In the framework of the WorldPop Project (http://www.worldpop.org)34, advancing the approach described in Tatem et al.24, an open access archive of (i) gridded subnational dependency ratio datasets and (ii) high resolution gridded 5-year age/sex group count datasets, for 87 countries in Africa and Asia (excluding Middle Eastern countries and Japan), has been created using subnational data on population age and sex structures for circa 2010 and the corresponding WorldPop gridded continental population count datasets (Fig. 1). In particular, over 100 million records were extracted from census data, census microdata and household survey data, assembled and used to derive the proportional age and sex structures for 6,389 subnational administrative units.

## Methods

Subnational tabular data on population age and sex structures were gathered on a country by country basis. The table format and structure varied significantly from one country to the next, reflecting the wide range of data sources utilised in this project. For example, some countries presented absolute counts per age group whilst others presented proportions. The thresholds that determined the age groups also varied from country to country, ranging from 1 to 5 years. In addition, some datasets represented the full population (e.g., national census data), whilst others were a sub-sample of the population (e.g., micro-census, household surveys). These challenges required a process of standardisation aimed at harmonizing these disparate data sources into a set of consistent tables in which each row represents a subnational administrative unit and the fields contain the corresponding proportion of males, females and people in each 5-year age group (from aged 0 to 4 up to a final group aged 65 and over). Standardized country data tables were subsequently joined to their respective subnational spatial boundaries and the spatial datasets generated were then merged together to produce two continental vector datasets (i.e., Africa and Asia) depicting the proportional age and sex structure in each subnational administrative unit.

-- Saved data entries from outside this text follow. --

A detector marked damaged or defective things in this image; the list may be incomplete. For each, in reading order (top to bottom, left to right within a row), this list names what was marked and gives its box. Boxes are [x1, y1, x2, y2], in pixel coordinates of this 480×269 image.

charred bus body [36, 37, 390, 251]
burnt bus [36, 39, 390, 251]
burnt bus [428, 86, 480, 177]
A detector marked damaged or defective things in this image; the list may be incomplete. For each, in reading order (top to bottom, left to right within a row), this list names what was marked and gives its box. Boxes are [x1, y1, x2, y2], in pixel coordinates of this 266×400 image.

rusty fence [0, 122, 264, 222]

Subnational proportional age structures were then used to calculate combined, young-age and old-age dependency ratios for each administrative unit in Africa and Asia. According to the standard definitions most widely found in the literature10,35, the combined dependency ratio was measured as the ratio of dependents younger than 15 and aged 65 and over to the population aged 15–64; the young-age dependency ratio as the ratio of dependents younger than 15 to the working-age population aged 15–64; and the old-age dependency ratio as the ratio of dependents aged 65 and over to the working-age population. Eventually, all vector subnational dependency ratio datasets were rasterized at a resolution of 30 arc seconds (approximately 1 km at the equator).

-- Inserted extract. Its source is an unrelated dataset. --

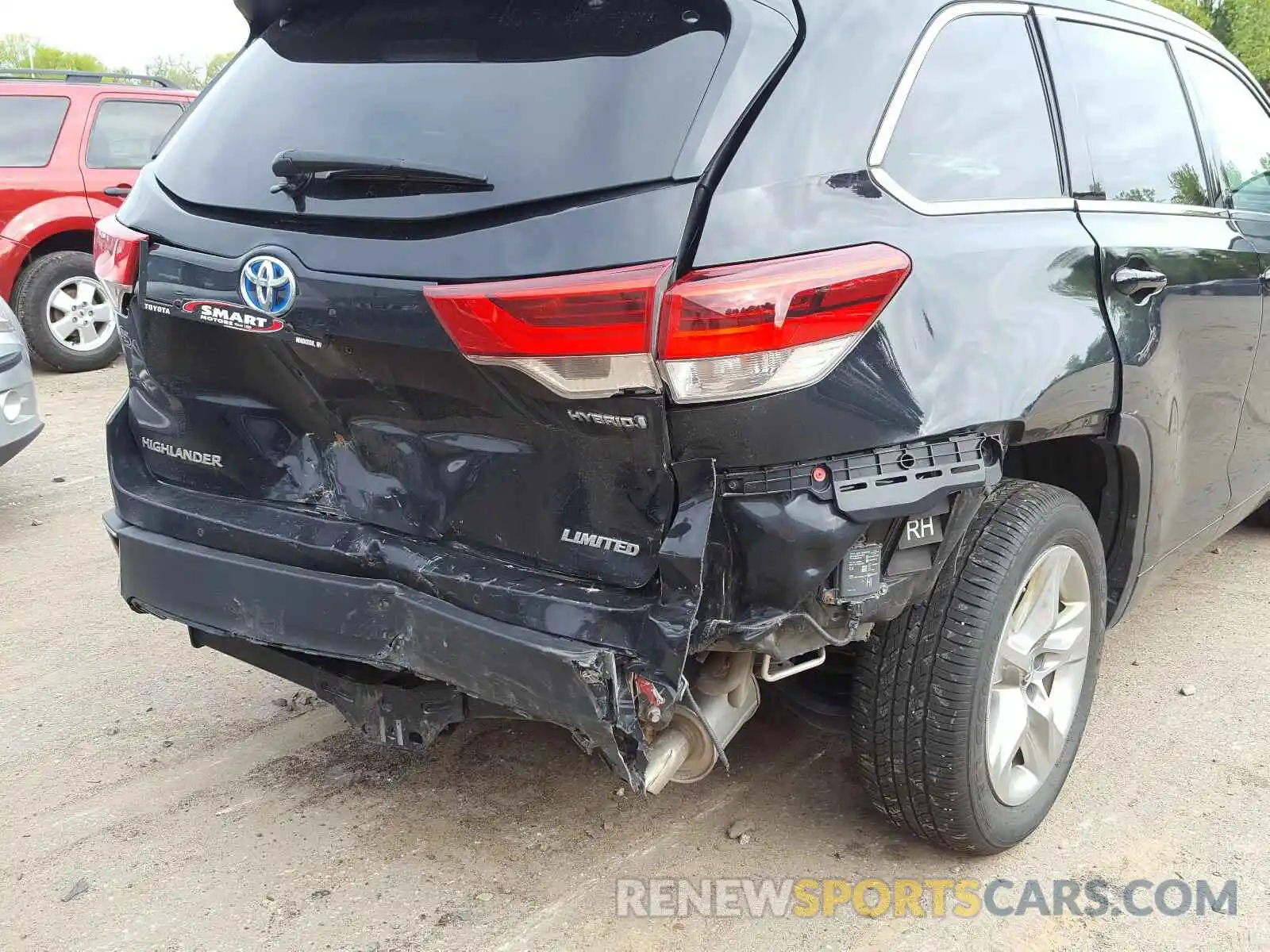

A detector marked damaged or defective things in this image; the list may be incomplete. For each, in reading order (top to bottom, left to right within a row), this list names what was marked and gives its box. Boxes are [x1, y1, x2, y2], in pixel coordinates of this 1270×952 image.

crumpled rear bumper [109, 515, 645, 781]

A series of gridded 5-year age/sex group count datasets for Africa and Asia, with a spatial resolution of 30 arc seconds, were generated by gridding the subnational proportional age and sex structure datasets and overlying them with the corresponding WorldPop gridded continental population count dataset (http://www.worldpop.org.uk/data/data_sources/); with the latter adjusted to match United NationsPopulation Division (UNPD) estimates for 201036.

### Data collection

Data on population age and sex structure, as close as possible to 2010, were collected at the finest spatial level available for all African and Asian countries listed in Tables 1 and 2. Where data for a given country were available from multiple sources, in addition to the year in which the data were collected, another key determinant, such as the sample size of the data, was considered in order to decide which data should be used.

The most reliable, complete and accurate source for subnational population composition is usually represented by country-level census-based data that cover the whole country population. Thus, for those countries where age and sex structure data were available from a recent national census, these were collected at the highest administrative level available, along with their corresponding spatial boundaries.

For those countries where recent full census data were not available, alternative sources were sought. Priority was given to census microdata obtained from the Integrated Public Use Microdata Series International (IPUMSI) database37. Census microdata represent household-level records derived from census data by sampling a representative fraction of the population (with sample size generally between 2 and 15% of the full census).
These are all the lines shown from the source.